4.   Your video must show your face for the purpose of authenticity verification. Violating the showing face requirement will result in 0 marks in your video   grade.

5.   You may want to make your video look nicer, however, the grade will not be based on the looks. Only the quality and clarity of the algorithms' discussion and analysis will count.

A simple recording of a ppt explanation while showing the presenter face in a box using shared-screen by, for example, Camtasia, BBB, Zhumu, or Tencent  Meeting would be sufficient.

6.   Submit to Learning Mall the following:

a.   The code (details provided later in Announcement)

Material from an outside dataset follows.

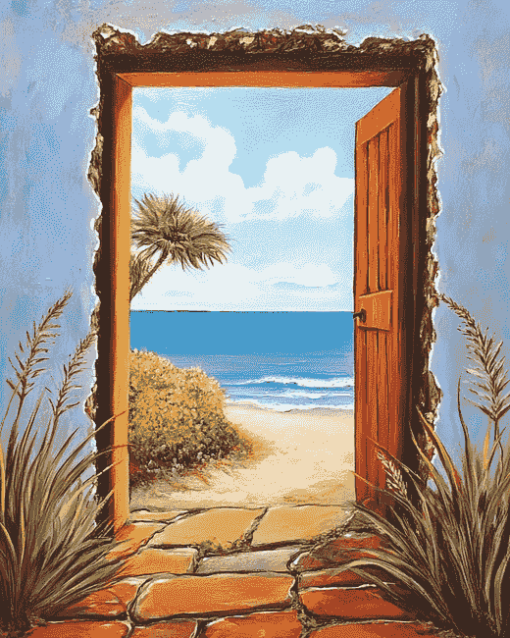 Beach Door Landscape Diamond Painting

b.   The video file in .mp4

c.   The PPT file you used to create a video

d.   (Optional) A link to YouTube or BiliBili of your uploaded video

Grades

The marks of your submission:

1.   Correctness of all the methods:                                                    70 marks

2.   Algorithm discussion, analysis and clarity of the video:           25 marks

3.   Ethics and Privacy Online Quiz                                                        5 marks

Total                                                                                                 100 marks

Academic Integrity

This Coursework is an individual work. Plagiarism, e.g. copying materials from other sources without proper acknowledgement, copying and collusion are serious academic offences. Plagiarism, copying and collusion will not be tolerated and will be dealt with in accordance with the University Code of Practice on Academic Integrity.

In some cases, individual students may be invited to explain parts of their code in person, and if they fail to demonstrate an understanding of the code, no credit will be given for that part.

In more severe cases, the violation will be reported to the exam officer for further investigation and will  be  permanently  recorded  in the student's official academic transcript.